*UN GRANDE RITORNO* *UN GRANDE RITORNO* *UN GRANDE RITORNO*
8 ottobre
- È chiaro che la mia riacquistata libertà è merito di Evaristo. Lo cercherò appena uscirò di casa per ringraziarlo adeguatamente. Intanto, mi occupo del mio sfortunato ospite, che ormai per me è il "dottor Zivago", anche se è totalmente diverso da quel personaggio. È raffreddato da far pena. Preparo per lui una pentola di fumenti con vecchie foglie d'eucalipto, sperando possa giovargli.
- Nei servizi igienici incontro Sabino. Ci abbracciamo in silenzio. Mi torna vicino mentre sto radendomi e sussurra : «O reverendo è sc'tate veramente 'na lenza. Ha chiamate l'Iggiene giuste a tiempe, sinno mo' erate carne per purpittielle».
So di fargli piacere rispondendogli nella sua lingua: «O sacce, Sabbì, o sacce. Lo so. Dov'è? L'hai visto?» Sempre a bassa voce m'informa che Evaristo è in tribunale per testimoniare.
- Uno ad uno, incontro tutti gli amici del Labirinto. Siamo felici di poter stare ancora insieme. La vedova Gerbidi mi racconta della fuga di Filiberto e Melania e mi porge un pacchetto. Lo scarto e vi trovo un libro di Piero Bianucci:
Nati dalle Stelle. Sul risguardo una dedica: " ti consoli il fatto che ciascuno di noi non vale più di quindicimila lire, al mercato corrente dei prodotti chimici. La nostra perdita, dunque, non è che poca cosa. Nei momenti di stress procurati del litio e, soprattutto, cercati un paio d'ali per evadere. In bocca al lupo, Filiberto"; più in basso, con grafia stranamente puntuta: "Che tu e D. possiate essere felici come noi lo siamo adesso. Melania". Perbacco, sto piangendo.

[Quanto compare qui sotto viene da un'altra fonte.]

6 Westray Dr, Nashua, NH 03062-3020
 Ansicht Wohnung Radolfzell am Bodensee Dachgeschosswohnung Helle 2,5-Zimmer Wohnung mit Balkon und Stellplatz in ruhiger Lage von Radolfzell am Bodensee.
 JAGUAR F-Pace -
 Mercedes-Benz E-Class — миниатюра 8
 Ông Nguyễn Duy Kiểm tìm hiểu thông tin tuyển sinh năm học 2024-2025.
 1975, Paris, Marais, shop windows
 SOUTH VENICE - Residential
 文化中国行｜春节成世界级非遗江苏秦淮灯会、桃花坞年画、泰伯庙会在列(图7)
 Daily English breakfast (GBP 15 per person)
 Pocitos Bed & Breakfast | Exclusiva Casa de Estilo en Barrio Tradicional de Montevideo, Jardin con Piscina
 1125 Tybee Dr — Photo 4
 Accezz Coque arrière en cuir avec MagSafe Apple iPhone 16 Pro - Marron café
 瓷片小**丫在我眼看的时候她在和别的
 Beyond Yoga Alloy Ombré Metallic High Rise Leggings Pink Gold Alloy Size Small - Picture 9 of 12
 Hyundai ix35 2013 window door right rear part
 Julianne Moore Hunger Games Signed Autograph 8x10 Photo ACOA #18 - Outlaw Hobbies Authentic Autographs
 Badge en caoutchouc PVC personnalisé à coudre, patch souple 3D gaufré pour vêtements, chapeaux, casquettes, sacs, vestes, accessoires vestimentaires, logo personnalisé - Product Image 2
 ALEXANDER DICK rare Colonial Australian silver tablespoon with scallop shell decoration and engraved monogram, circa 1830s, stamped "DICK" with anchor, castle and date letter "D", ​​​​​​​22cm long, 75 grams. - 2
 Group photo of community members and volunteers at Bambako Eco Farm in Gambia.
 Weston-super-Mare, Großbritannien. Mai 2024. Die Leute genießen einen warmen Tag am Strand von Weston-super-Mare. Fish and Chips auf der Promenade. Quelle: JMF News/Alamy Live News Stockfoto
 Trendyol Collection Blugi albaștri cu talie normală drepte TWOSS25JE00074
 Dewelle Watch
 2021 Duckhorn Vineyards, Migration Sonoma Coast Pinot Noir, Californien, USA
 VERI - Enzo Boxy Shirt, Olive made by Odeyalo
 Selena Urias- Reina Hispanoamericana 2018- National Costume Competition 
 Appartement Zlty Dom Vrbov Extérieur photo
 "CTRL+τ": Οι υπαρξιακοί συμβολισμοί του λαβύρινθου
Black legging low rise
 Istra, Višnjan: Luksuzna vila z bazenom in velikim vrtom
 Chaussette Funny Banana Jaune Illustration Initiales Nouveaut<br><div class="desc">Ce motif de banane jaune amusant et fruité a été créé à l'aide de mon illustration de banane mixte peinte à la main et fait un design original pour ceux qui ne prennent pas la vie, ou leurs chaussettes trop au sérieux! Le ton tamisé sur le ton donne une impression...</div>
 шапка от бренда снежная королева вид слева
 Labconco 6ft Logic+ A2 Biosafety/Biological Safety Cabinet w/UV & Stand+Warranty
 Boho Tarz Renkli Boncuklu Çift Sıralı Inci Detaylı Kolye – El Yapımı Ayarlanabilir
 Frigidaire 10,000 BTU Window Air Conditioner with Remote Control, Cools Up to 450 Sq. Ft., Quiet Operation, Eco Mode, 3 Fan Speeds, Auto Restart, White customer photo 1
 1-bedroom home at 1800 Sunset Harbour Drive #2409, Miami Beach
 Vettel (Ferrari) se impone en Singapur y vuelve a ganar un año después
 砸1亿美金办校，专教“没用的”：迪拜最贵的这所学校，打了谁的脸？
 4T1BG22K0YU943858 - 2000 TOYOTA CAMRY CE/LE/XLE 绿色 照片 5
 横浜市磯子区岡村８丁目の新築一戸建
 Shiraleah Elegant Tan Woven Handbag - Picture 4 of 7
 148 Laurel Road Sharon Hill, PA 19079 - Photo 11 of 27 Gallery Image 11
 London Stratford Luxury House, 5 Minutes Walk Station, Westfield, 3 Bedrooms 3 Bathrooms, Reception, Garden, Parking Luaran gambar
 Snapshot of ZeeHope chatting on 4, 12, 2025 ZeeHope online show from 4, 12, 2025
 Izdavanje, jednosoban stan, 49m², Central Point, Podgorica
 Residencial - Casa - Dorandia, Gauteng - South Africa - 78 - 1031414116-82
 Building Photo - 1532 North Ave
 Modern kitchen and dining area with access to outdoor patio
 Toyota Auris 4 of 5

La novità più eclatante, però, è quella che mi comunica l'ex cuoco del Quo Vadis, ora consulente della Reale Mensa, di ritorno dal Tribunale. L'ambiente, gli avvocati, il rito devono averlo eccitato in maniera spropositata, giacché declama esprimendosi in latino interminabili sentenze. Poi si calma e m'informa della condanna a sei mesi del Team di Maurice e dell'espulsione di Ggenio dal Labirinto. Su quest'ultimo fatto si spiega meglio: «T'avevo detto che cce stava n'inciucio... Er Ggenio e Maurice staveno a preparà er giochetto cco i quizze e a lotteria. L'ha fregato a Finanza e l'Ufficio der Lavoro. Cco a scusa de preparasse pe 'e quizze e guardie se grattaveno la panza tutt'er santo ggiorno...»
Gli chiedo se sa qualcosa di Deianira. Non ottengo nessuna risposta, perchè mi pianta in asso con la solita delicatezza. Mi rammarico per non averlo adeguatamente ringraziato. Rimedierò.
Accanto al fuoco si discute sugli echi di cronaca. Qualcuno afferma che l'Italia, negli ultimi tempi, è l'unico paese al mondo che ha un governo che va agonia per l'azione dei comunisti e che risorge, subito dopo, anzi evita di morire, per l'azione dei comunisti. Evidentemente c'è qualcosa che non va secondo logica, oppure l'informazione che abbiamo è distorta. Altri affermano che la povera ragazza morta alla Sapienza dev'essersi suicidata, poichè ogni altra spiegazione pare che non regga. Sabino, sentendo che a Sarno è ancora una volta preallarme per il fango, sbarra gli occhi, bestemmia e dice : «Ma cche ss'ha da portà via, sto fanghe? Nun c'è rimaste niente! Manche l'anema de li muorti e ll'ata vota! »
A tirarci su il morale arriva Evaristo. Ci intrattiene sulle novità del processo Andreotti (ormai lui di processi è diventato uno specialista). «A sta a sentì li pentiti, er Sor Giulio è responsabbile puro de la morte de Guglielmo Tell, de Biancaneve e di tutte e sette li cirifischi, meno er nano cor quale, secunnum loro se sbaciucchiava ar matrimonio der figlio der Corzaro Nero. Pover'Italia! Dice: cc'è a libbertà. Sì, quella d'aricontà frescacce per nun pagà er dazio! Sapete sì cche vve dico? Sopra er bbianco d'a banniera se dovrebbe da scrive un motto: IN VITIUM LIBERTAS EXCEDIT! E saressimo tutti serviti!»
Stavolta il latino l'abbiamo capito senza che la signora Gerbidi, o Evaristo stesso, si peritassero di tradurcelo.